Démantèlement de Dexia : la Belgique roulée dans la farine ?
A l'issue des négociations pour régler le démantèlement de la banque Dexia, Bruxelles va nationaliser les activités belges de l'établissement. Mais le reste de l'accord signé avec la France semble loin d'être à son avantage... Par Sébastian SEIBT (texte) L’heure des comptes a sonné. Alors que le processus de démantèlement de la banque franco-belge Dexia s’accélère, des voix commencent à se demander en Belgique si le pays ne s’est pas fait avoir par la France lors des négociations qui ont eu lieu pendant une bonne partie de la nuit de dimanche à lundi.
Un plan en trois parties
Ces âpres discussions entre autorités françaises, belges, luxembourgeoises et les dirigeants de Dexia ont débouché sur un plan en trois volets. Il prévoit que la Belgique nationalise les activités de banque de détail sur son sol de Dexia Belgique pour 4 milliards d'euros ; que la France cède à la Caisse des dépôts les activités de financement des collectivités qui représentent le coeur de métier de Dexia dans l'Hexagone ; et que Paris, Bruxelles et Luxembourg créent une banque poubelle (“bad bank”) pour gérer les quelque 100 milliards d’euros d’actifs toxiques qui plombaient les comptes de l'établissement. Une feuille de route claire en apparence et qui a plu aux agences de notation. Standard’s & Poor's a ainsi confirmé les notes de la France (AAA) et de la Belgique (AA+).

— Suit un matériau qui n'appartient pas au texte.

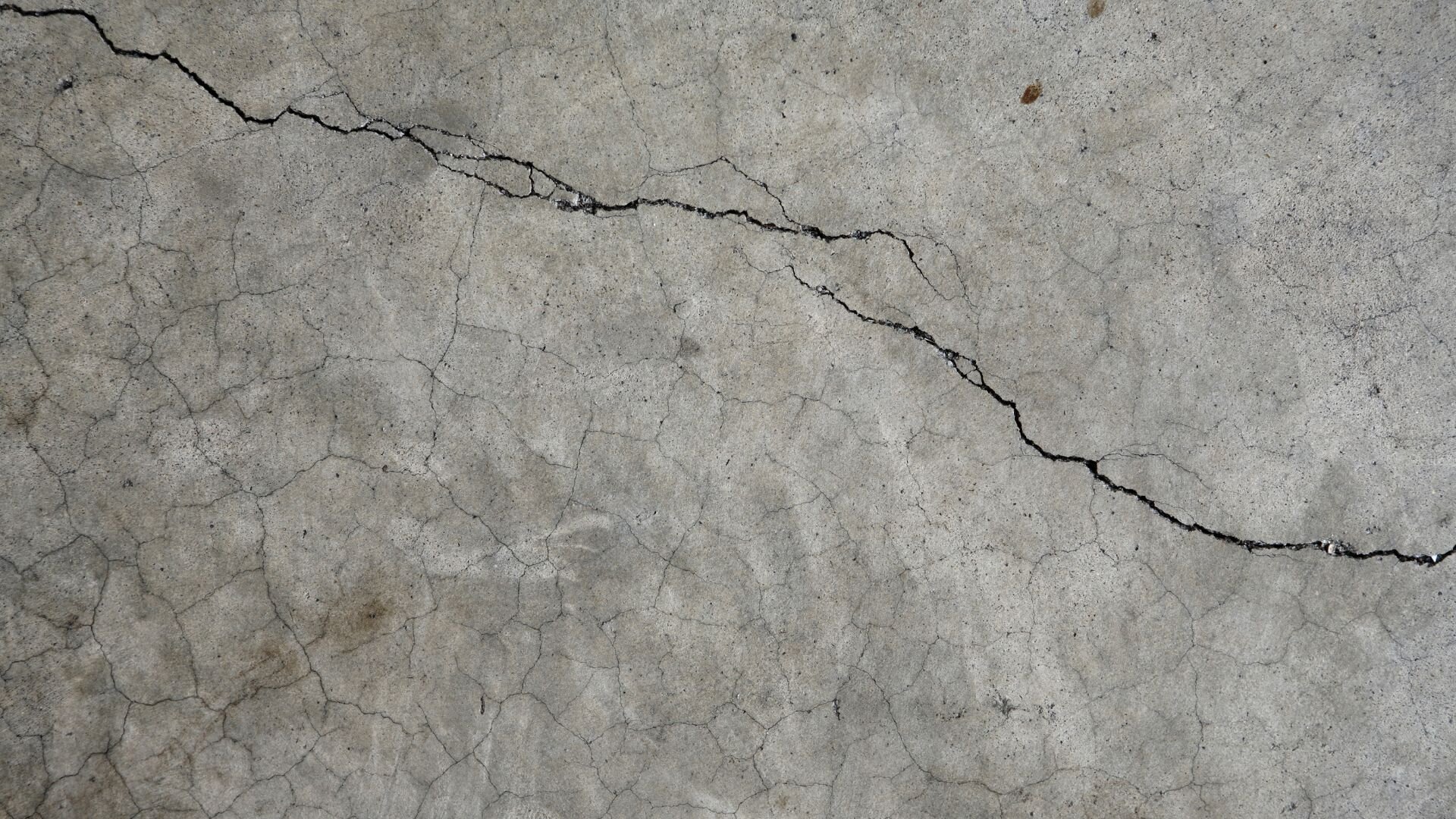 Cracked concrete floor.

Côté belge en revanche, certains commencent à se demander si la France n'aurait pas berné le Royaume, en agissant avec la défense de ses intérêts comme seule préoccupation. La France, qui voit se profiler une élection présidentielle, aurait tout fait "pour garder à tout prix son rating AAA”, soulignait ainsi ce lundi le quotidien belge L’Écho.
Accord gagnant-perdant ?
Selon plusieurs journaux belges, la France aurait en fait lâché du lest sur le volet de la nationalisation de Dexia Belgique pour mieux obliger Bruxelles à accroître sa part dans le financement de la “bad bank”. Comme le rappelle La Libre Belgique, Paris a fini par concéder à Bruxelles le rachat de Dexia Belgique pour 4 milliards d'euros, après avoir estimé dans un premier temps que l'opération en valait 8 milliards.

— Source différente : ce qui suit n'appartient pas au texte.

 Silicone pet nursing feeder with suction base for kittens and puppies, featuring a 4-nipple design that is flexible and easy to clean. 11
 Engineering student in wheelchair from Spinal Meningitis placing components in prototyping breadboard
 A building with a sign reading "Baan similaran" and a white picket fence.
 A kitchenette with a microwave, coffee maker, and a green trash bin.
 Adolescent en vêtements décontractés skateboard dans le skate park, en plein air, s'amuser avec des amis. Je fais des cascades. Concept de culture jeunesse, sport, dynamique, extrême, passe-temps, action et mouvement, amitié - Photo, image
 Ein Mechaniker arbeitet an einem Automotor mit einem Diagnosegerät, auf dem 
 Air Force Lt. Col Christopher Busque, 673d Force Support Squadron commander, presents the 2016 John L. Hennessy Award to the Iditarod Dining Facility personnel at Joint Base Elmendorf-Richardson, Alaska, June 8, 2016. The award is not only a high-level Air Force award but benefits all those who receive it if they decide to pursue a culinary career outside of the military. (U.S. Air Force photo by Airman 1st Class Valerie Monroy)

En contrepartie, laisse entendre pour sa part le quotidien Le Soir, la Belgique aurait été contrainte d'assurer, à hauteur de 60,5%, la garantie de 90 milliards d’euros apportée à la “bad bank” - contre 36,5% seulement pour la France et 3% pour le Luxembourg. Autrement dit, si la banque poubelle n’arrive pas à se débarrasser de ses actifs toxiques, la Belgique devra payer 54 milliards d’euros, soit près de 15% de son PIB - ou encore 5 000 euros par habitant -, là où la France n’aurait à engager que 2% à peine de son PIB (soit 32 milliards d’euros).
Pour l'heure, s'il ne s'agit certes que de garanties, “il ne s'agit pas d'un bon accord pour la Belgique car une ‘bad bank’ engendre toujours des pertes pour les actionnaires”, rappelle à France 24 Pascal de Lima, professeur d’économie à Sciences Po-Paris et économiste en chef chez Altran, une société de conseils en finance.

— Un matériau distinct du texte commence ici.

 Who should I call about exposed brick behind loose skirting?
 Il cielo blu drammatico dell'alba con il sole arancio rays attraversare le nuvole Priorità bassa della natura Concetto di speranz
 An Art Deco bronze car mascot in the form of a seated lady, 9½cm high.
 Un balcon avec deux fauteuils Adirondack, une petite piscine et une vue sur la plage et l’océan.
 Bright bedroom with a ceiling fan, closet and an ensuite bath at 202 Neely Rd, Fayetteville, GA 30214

La menace qui plane sur la Belgique
Pour le Royaume, cet accord est d'autant plus risqué que les agences de notation ont ce genre d’actifs toxiques en horreur. “Puisqu’avec cette garantie on augmente le risque financier pour l’État belge, la note générale du pays s'en trouve menacée”, analyse Pierre-Henri Thomas, spécialiste du secteur financier du quotidien belge Le Soir.
Une menace dont la Belgique, déjà malmenée sur les marchés, n'a vraiment pas besoin, rappelle Pascal de Lima. "Les taux d’intérêt que Bruxelles doit payer sur sa dette ont déjà beaucoup augmenté depuis le début de la crise de la zone euro. Une dégradation de sa note accentuerait cette hausse et risquerait de faire du pays le premier du nord de l’Europe à succomber à l’effet de contagion de la crise de la dette grecque”.